Сама жизнь Названого Дмитрия поясняет нам многое из летописных данных. Припомним, что еще до своего прибытия в Москву «царевич» принял меру исключительной важности, явившуюся некоторым отступлением от его обычной программы. Мы говорим о ссылке патриарха Иова. Конечно, для Дмитрия было необходимо сохранить добрые отношения с духовенством; с другой стороны, он постоянно заботился об интересах православия. Почему же, спрашивается, решился он на столь непопулярный шаг? Несомненно, на это у него были весьма серьезные основания. Очевидно, Названому царевичу хотелось избегнуть встречи с патриархом. Невольно встает вопрос: не боялся ли Дмитрий, что глава церкви узнает в нем самозванца? Любопытно, что кары постигли и Чудов монастырь. Впрочем, на этот счет показания источников расходятся. Одни говорят, что монахи этой обители были переселены; другие же утверждают, что с иноками поступили более жестоко. Мы знаем, каким надежным свидетелем является для нас архиепископ Арсений. Он сообщает, что вместе с патриархом Иовом отправлены были в ссылку двое архимандритов; один из них был игуменом Чудова монастыря. В настоящее время невозможно проверить все эти данные; нельзя и сделать из них какого-либо окончательного вывода. Как бы то ни было, общее впечатление таково: по-видимому, Дмитрий опасался Чудова монастыря и не очень-то стремился встретиться с его архимандритом.[40]

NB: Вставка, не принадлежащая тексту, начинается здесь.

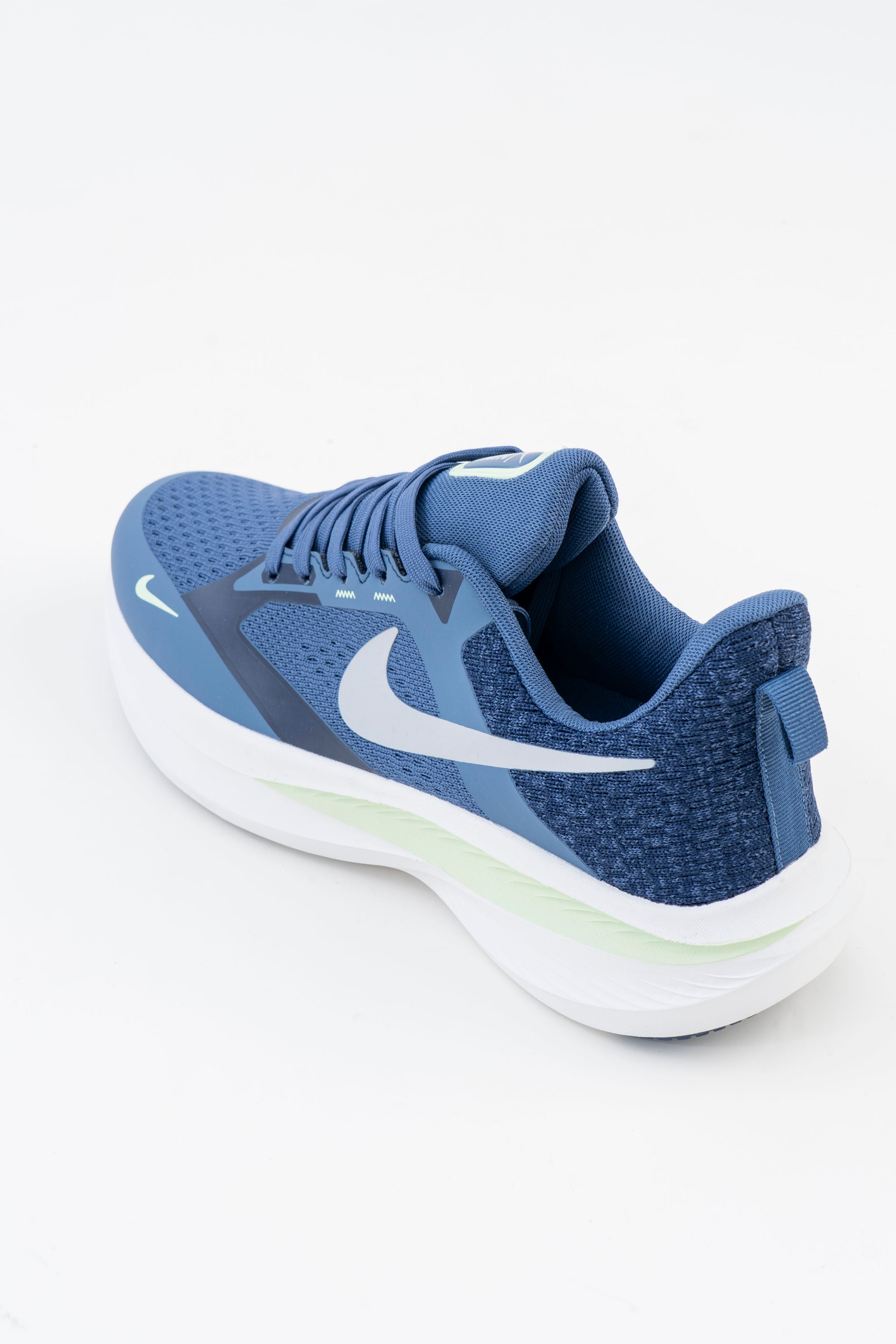 Men's Blue Mesh Running Sneakers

Свидетелем по делу Названого Дмитрия является, между прочим, род Отрепьевых. Правда, его выступление по этому поводу произошло значительно позднее. Тем не менее важность самого факта остается неоспоримой. Со времени самозванца имя Гришки Отрепьева было покрыто позором. Каждый год церковь торжественно предавала его анафеме. В глазах народа он был отступником, еретиком и злейшим врагом родины. Прошло более полуторастолетия со времени катастрофы 1606 года. Однако род Отрепьевых все еще находился под гнетом общественного презрения; ему не могли простить того, что из его среды явился такой злодей. Подобное отношение казалось Отрепьевым тем более жестоким и невыносимым, что они гордились своей преданностью законным государям; помимо того, они помнили о своих выдающихся заслугах перед родиной на поле брани. Самым лучшим средством оградить себя от обиды была бы перемена имени. Весьма кстати Отрепьевы вспомнили, что у них не одно родовое имя. Поэтому в 1671 году они обратились к царю Алексею с просьбой разрешить им зваться по-старому. Челобитная Отрепьевых проникнута горечью и печалью. По-видимому, они глубоко удручены несправедливостью, жертвой которой являются. Конечно, они стараются парировать направляемые против них удары. Но замечательно, что им и в голову не приходит отрицать свое родство с Гришкой, превратившимся впоследствии в царевича Дмитрия. Очевидно, сам факт был слишком несомненен и общеизвестен. Они принимают его без всяких оговорок. Все их усилия направлены лишь на то, чтобы отделить себя от самозванца и даже вменить себе в заслугу преследования, которым они подвергаются. Отрепьевы заявляют, что Смирной был отправлен в Краков для очной ставки с племянником. По их словам, некоторые члены их рода сами, и притом открыто, изобличали царя-самозванца. За это они были жестоко наказаны, подверглись гонениям и ссылке в Сибирь, откуда их вернул только Василий Шуйский. Такая самозащита Отрепьевых была как нельзя более на руку правительству. Понятно, что просьба их была удовлетворена. Царь Алексей разрешил им именоваться впредь по-старому, Нелидовыми. Время и забвение довершили остальное.